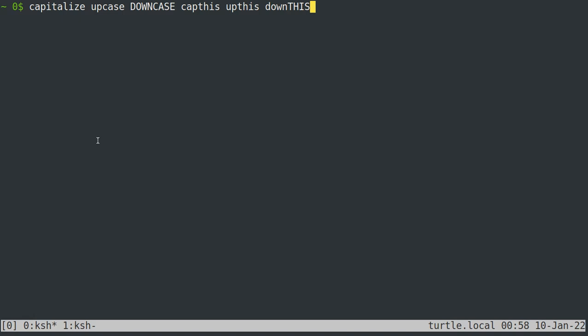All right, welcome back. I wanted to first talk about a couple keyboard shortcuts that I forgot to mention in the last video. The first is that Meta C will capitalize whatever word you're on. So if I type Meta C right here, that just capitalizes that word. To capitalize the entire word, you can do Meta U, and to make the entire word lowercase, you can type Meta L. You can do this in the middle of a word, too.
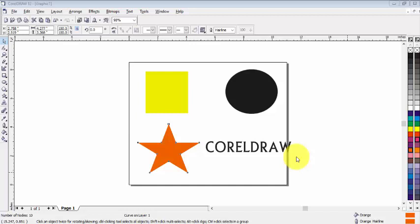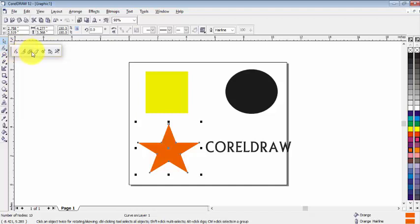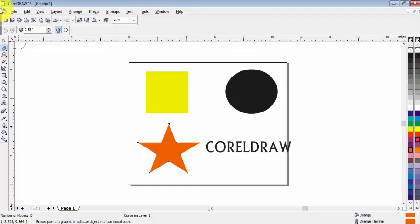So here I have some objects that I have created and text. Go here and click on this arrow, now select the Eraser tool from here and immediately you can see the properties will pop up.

━━━━━━━━━━━━━━━━━━━━

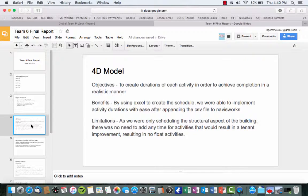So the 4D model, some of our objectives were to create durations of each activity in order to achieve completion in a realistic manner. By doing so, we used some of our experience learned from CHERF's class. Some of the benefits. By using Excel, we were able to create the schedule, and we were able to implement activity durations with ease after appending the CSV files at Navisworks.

━━━━━━━━━━━━━━━━━━━━

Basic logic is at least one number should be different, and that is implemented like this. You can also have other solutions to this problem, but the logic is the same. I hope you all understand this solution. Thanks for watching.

━━━━━━━━━━━━━━━━━━━━

[THE TASK] Look above for the line with "All right, welcome", then print it and each line after it down to and including the line with "So here I have". Leave out the pictures and keep the wording exact.

[WRITTEN ANSWER]
All right, welcome back. I wanted to first talk about a couple keyboard shortcuts that I forgot to mention in the last video. The first is that Meta C will capitalize whatever word you're on. So if I type Meta C right here, that just capitalizes that word. To capitalize the entire word, you can do Meta U, and to make the entire word lowercase, you can type Meta L. You can do this in the middle of a word, too.
So here I have some objects that I have created and text. Go here and click on this arrow, now select the Eraser tool from here and immediately you can see the properties will pop up.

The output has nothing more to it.